**SUPPLIED MATERIAL**
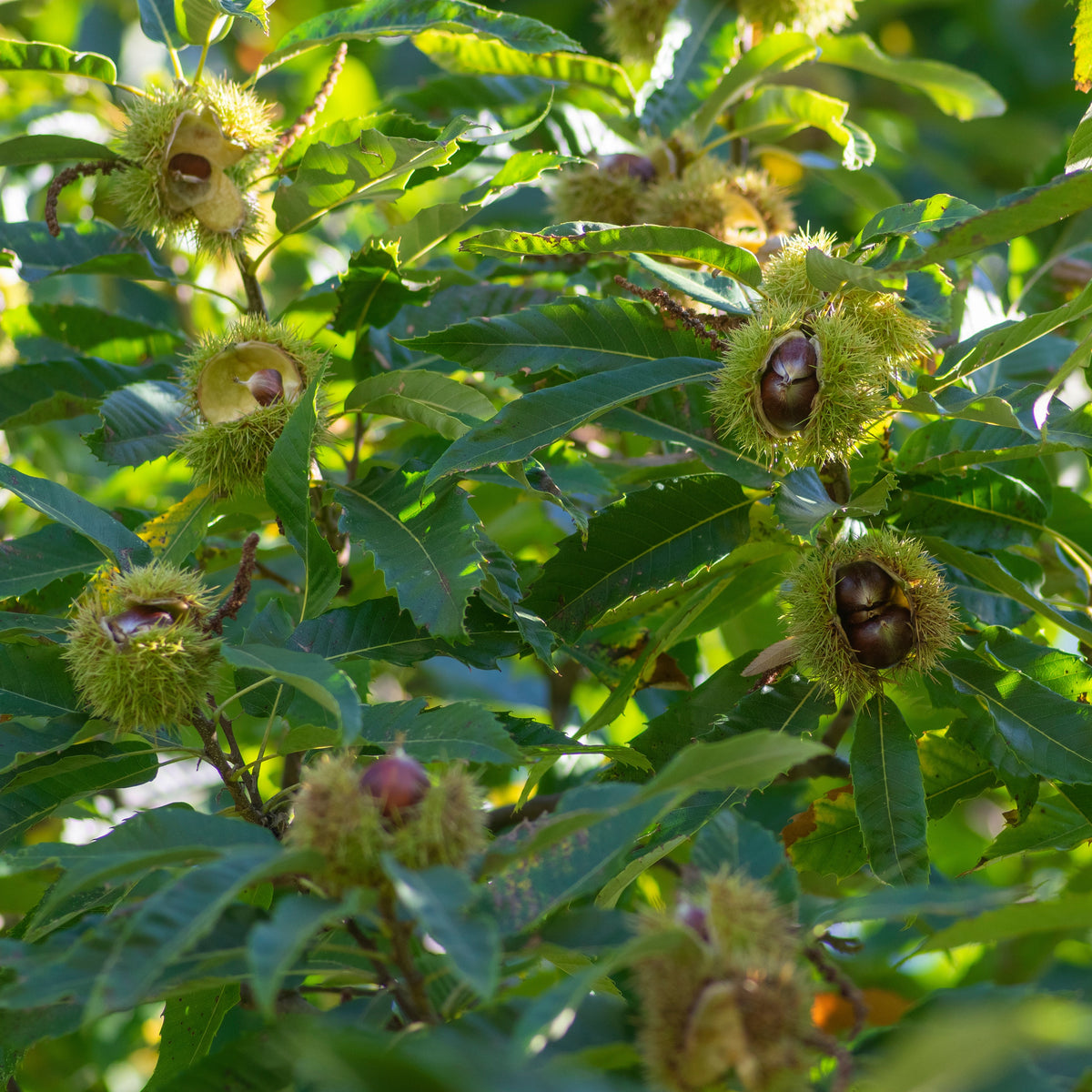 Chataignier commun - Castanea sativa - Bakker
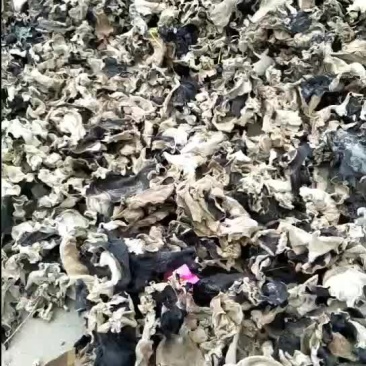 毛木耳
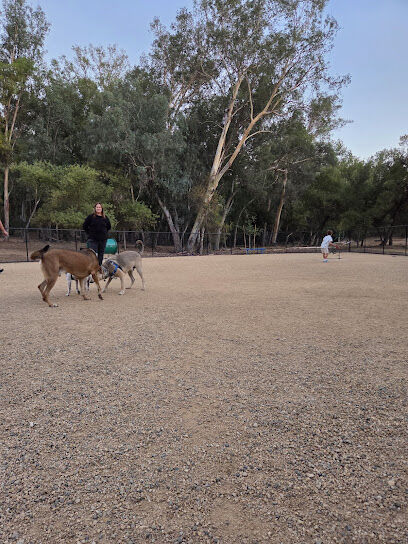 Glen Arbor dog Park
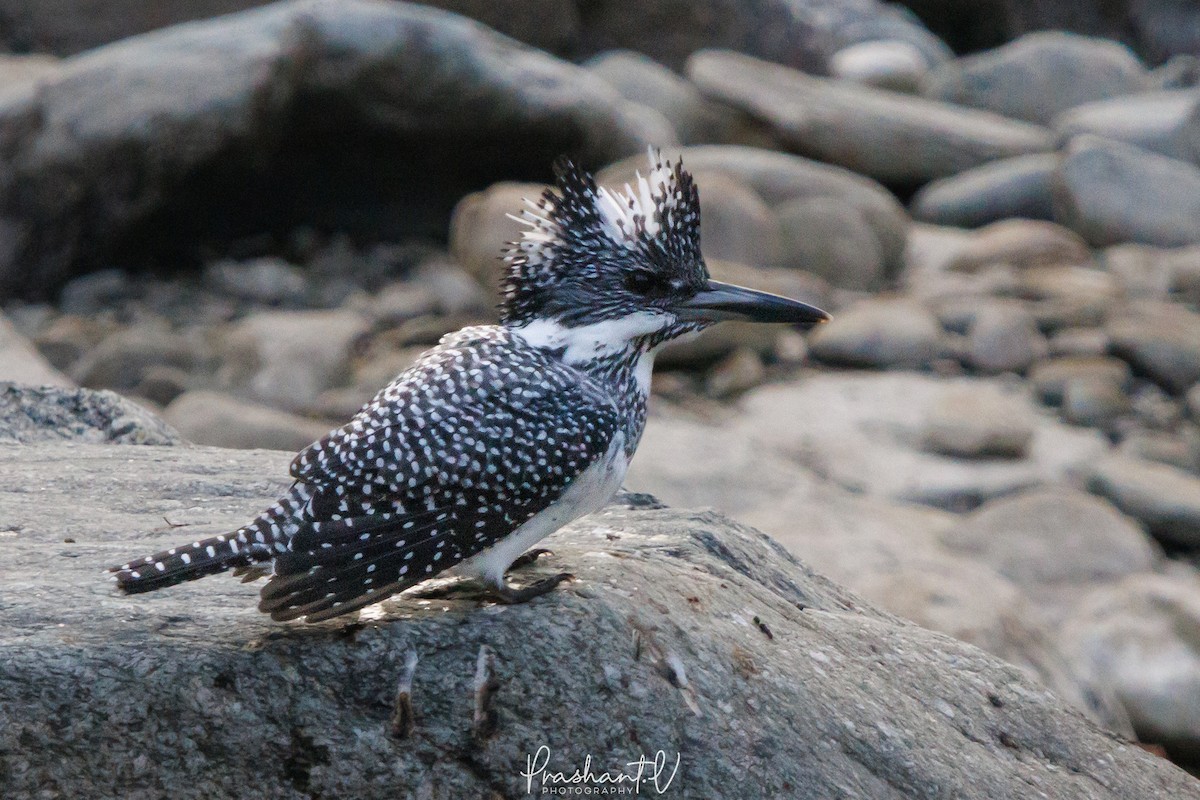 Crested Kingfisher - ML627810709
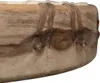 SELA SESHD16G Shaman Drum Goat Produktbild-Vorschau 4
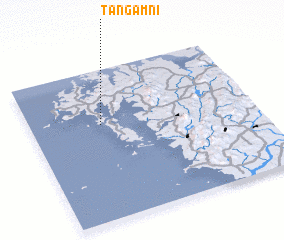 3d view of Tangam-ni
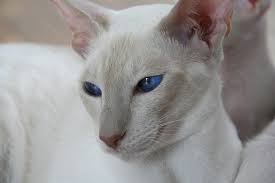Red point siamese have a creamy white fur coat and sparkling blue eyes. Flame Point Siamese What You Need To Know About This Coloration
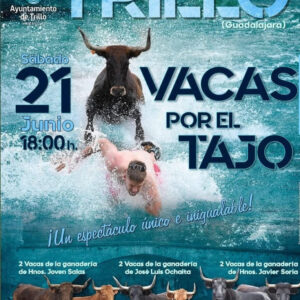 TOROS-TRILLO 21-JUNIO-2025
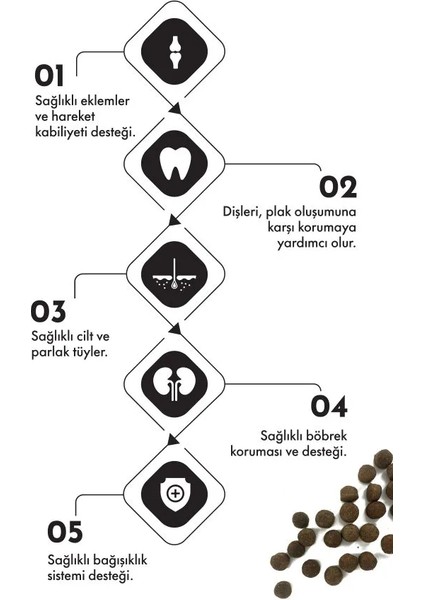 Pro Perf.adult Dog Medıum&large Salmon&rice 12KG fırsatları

**YOUR TASK**
Now reproduce all of the entries precisely, with no pictures in the copy.

**YOUR RESPONSE**
 Chataignier commun - Castanea sativa - Bakker
 毛木耳
 Glen Arbor dog Park
 Crested Kingfisher - ML627810709
 SELA SESHD16G Shaman Drum Goat Produktbild-Vorschau 4
 3d view of Tangam-ni
Red point siamese have a creamy white fur coat and sparkling blue eyes. Flame Point Siamese What You Need To Know About This Coloration
 TOROS-TRILLO 21-JUNIO-2025
 Pro Perf.adult Dog Medıum&large Salmon&rice 12KG fırsatları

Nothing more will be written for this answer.